WORK REQUEST: Begin at the line holding "Airforce Patches" and set down exactly each line through the last one below, omitting pictures. Include nothing else.

DATASET:
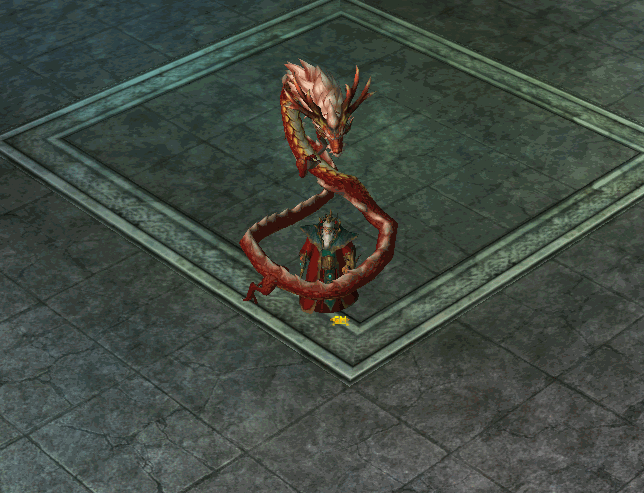 DH1 Rei Dragão Akzadur.gif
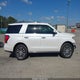 1FMJU1KT4JEA14327 2018 Ford Expedition Limited auction photo thumbnail 14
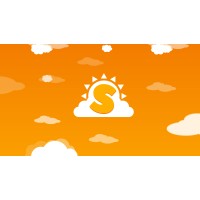 Storyspread logo - Similar company to Null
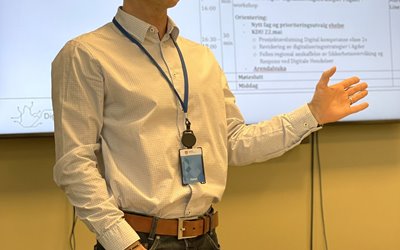 img_1616.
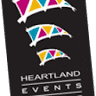 Pinnacle Bank Expo Center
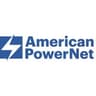 American Powernet Management (apn)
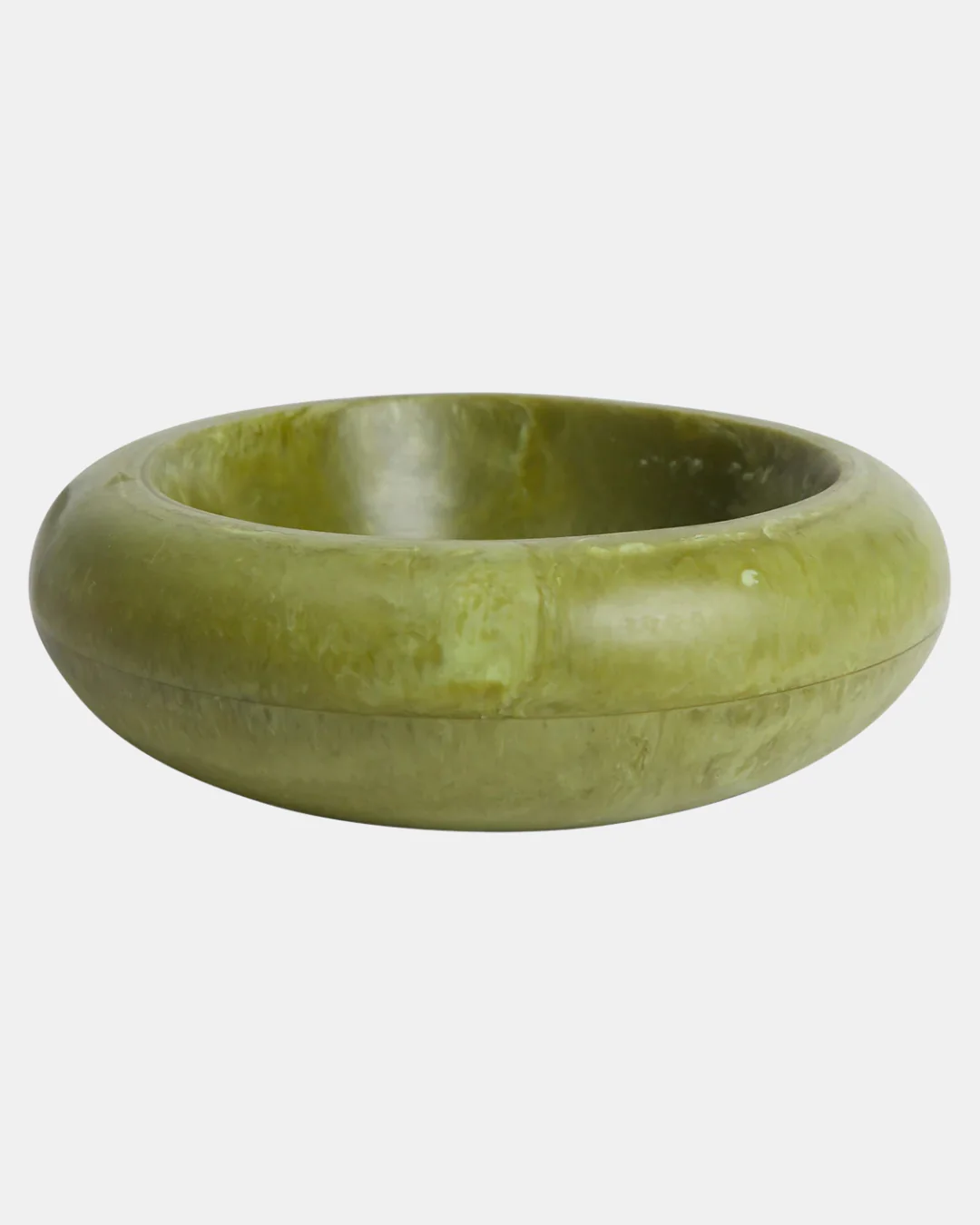 Jeanne Resin Bowl - Image 9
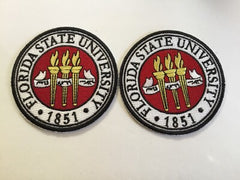 Airforce Patches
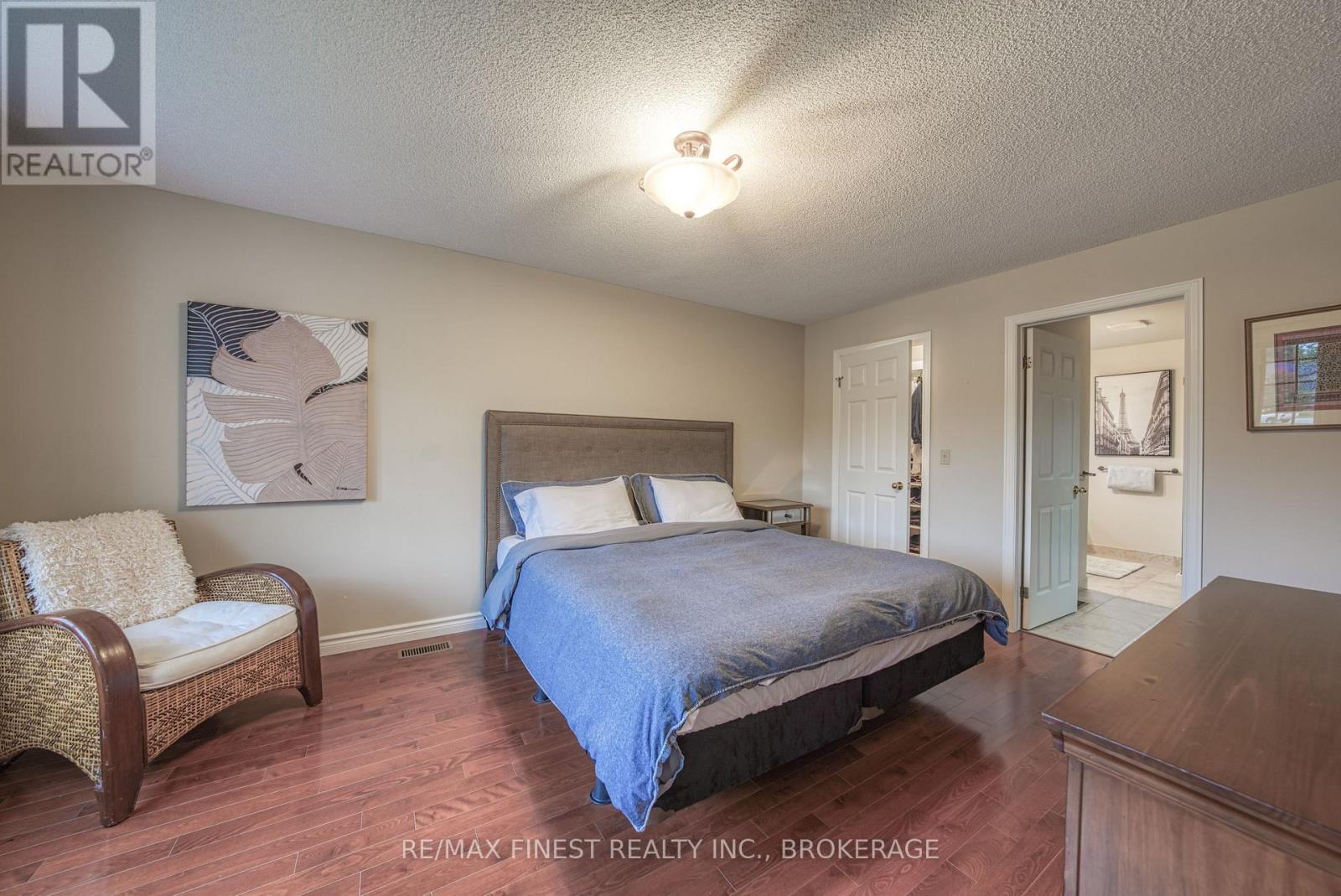 719 Woodside Drive, Kingston, Ontario  K7P 2R4 - Photo 27 - X13782174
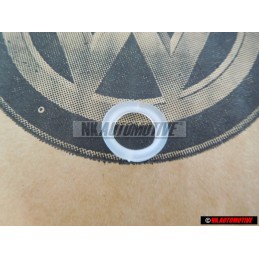 VW Originale Boccola - 068130337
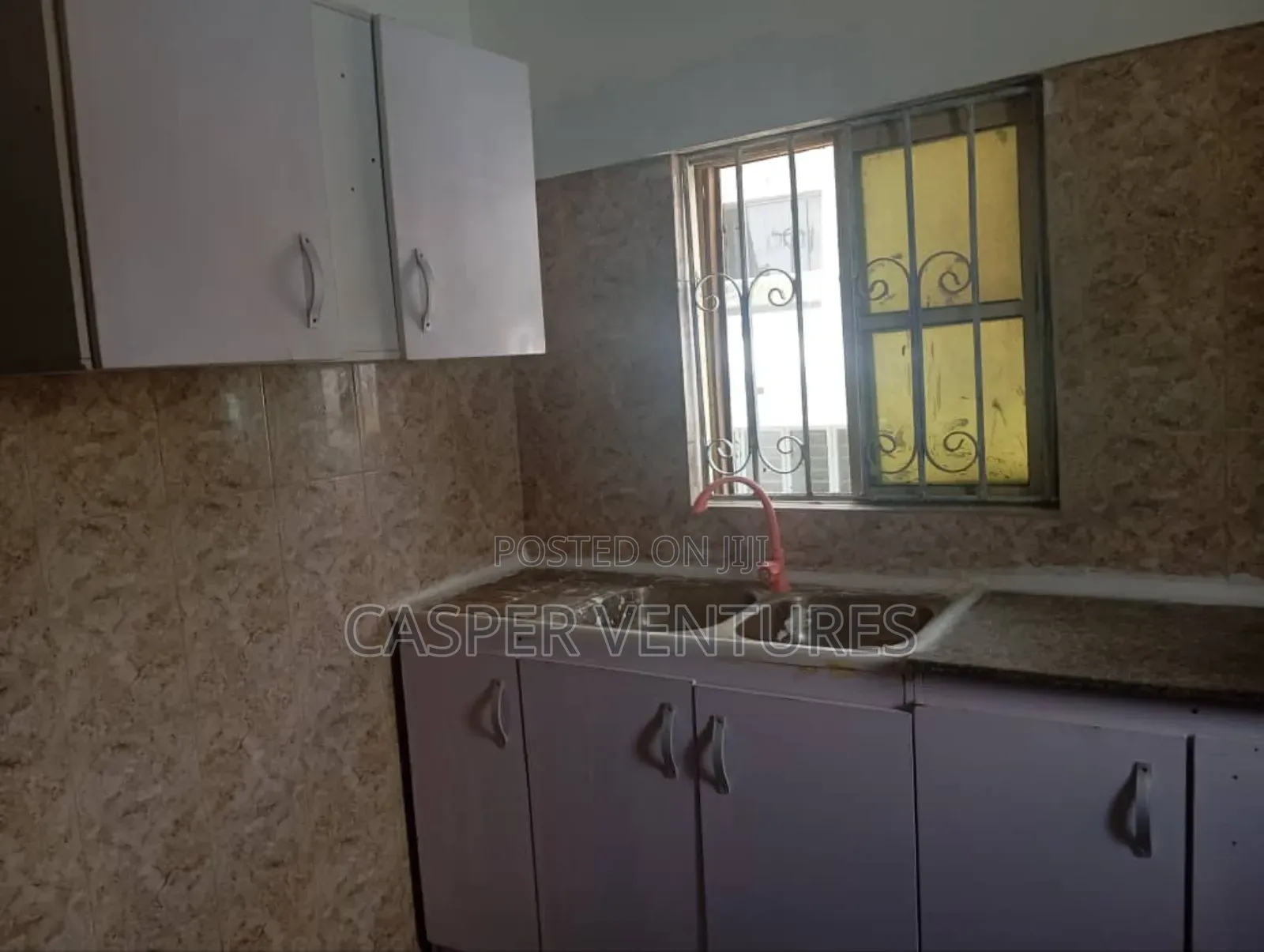 2bdrm Apartment in Elevation, Ilasan for rent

COMPLETED EXERCISE:
 Airforce Patches
 719 Woodside Drive, Kingston, Ontario  K7P 2R4 - Photo 27 - X13782174
 VW Originale Boccola - 068130337
 2bdrm Apartment in Elevation, Ilasan for rent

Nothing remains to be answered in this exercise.